Claiming to "stand for truth" has a much greater potential for starting out on more common ground without having to fight the battle first over misunderstanding of the word, faith

Ultimately, you have to talk about Truth, anyway, so why not just start there. 

" I am the Way, and the Truth, and the Life; no one comes to the Father, but by Me." John 14:6 (NASB)  

I would even go so far as to say there is just as much confusion over faith inside the church as out. Using words like truth and trust can enable us to bring clarity to the murky waters.

Monday, January 15, 2007

Three Significant Quotes

Here are three quotes that have opened my eyes to the impact of secularism/humanism in our culture. I guess you can say, these quotes helped me put the pieces of the puzzle together.

First, before you read the quotes, I want you to picture in your mind the culture as the soil into which the Gospel is sown (Luke 8:5-15).


"No one indeed believes anything unless he first thought that it is to be believed.” St. Augustine

"False ideas are the greatest obstacles to the reception of the gospel. We may preach with all the fervor of a reformer and yet succeed only in winning a straggler here and there, if we permit the whole collective thought of the nation or of the world to be controlled by ideas which by the resistless force of logic, prevent Christianity from being regarded as anything more than a harmless delusion." Gresham Machen

Now, if you are getting it, I think this one nails the lid on the coffin and should send chills up and down your spine ...
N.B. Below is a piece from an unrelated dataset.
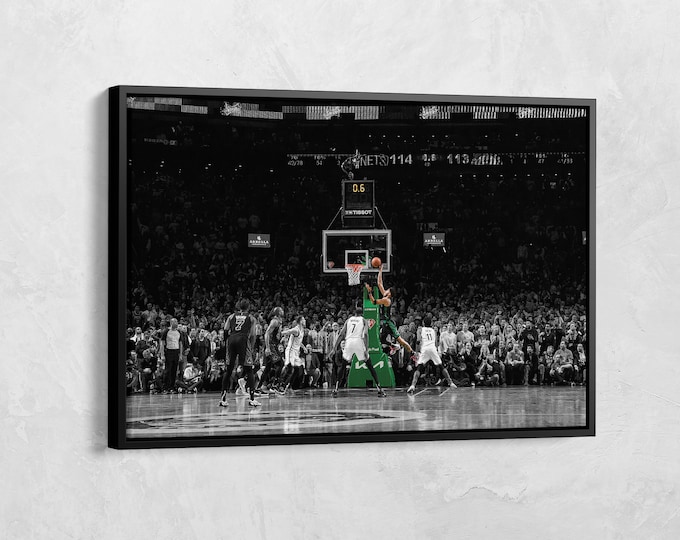 Poster Jayson Tatum, Buzzer Beater, toile Jayson Tatum, cadeaux Boston Celtics, affiche NBA, art NBA, joueur de basket NBA Impression sur toile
"When people are taught for years on end that good thinking is naturalistic thinking, and that bringing God into the picture only leads to confusion and error, they have to be pretty dense not to get the point that God must be an illusion. This doesn’t necessarily mean that they become atheists, but they are likely to think about God in a naturalistic way, as an idea in the human mind rather than as a reality that nobody can afford to ignore.” “Defeating Darwinism by Opening Minds” by Phillip E. Johnson, pp 89


All three synoptic Gospels tell the parable of the sower; however, I like Luke's account best because it tells us the most about the heart in the culture (soil) that holds the word (seed) fast and bears fruit with perseverance. That heart is described as "honest and good" (NASB and KJV), "noble and good" (NIV). Note that it is not the seed that makes the heart this way; this is a precondition of receiving, holding fast, and bearing fruit. This is the heart that will open up to and allow the working of the Holy Spirit.

Look at our culture today, and it's plain to see that our culture does everything in its power (whose power? Satan's!) to pervert hearts away from being "honest and good". Whereas 60 years ago, there was sufficient Chrisitian influence in the institutions of culture for this kind of preconditioning to still be pretty dominant, today we cast seed on thoroughly rocky and hard soil.

Are you concerned with why more are not being saved?

Among other things we do to reach the lost as individual Christians and as the Church, we need to be cultivating the culture with God's definition of nobility, honesty, and goodness just as the farmer prepares his soil to receive the seed. Unfortunately, I don't see an emphasis, or even an awareness, of this in most evangelistic communities. We keep on pretending the soil is as it was 60 years ago -- and with predictable results.

And, don't forget the effect on those inside the church of swimming in this polluted culture every day - but that's a topic for a later post.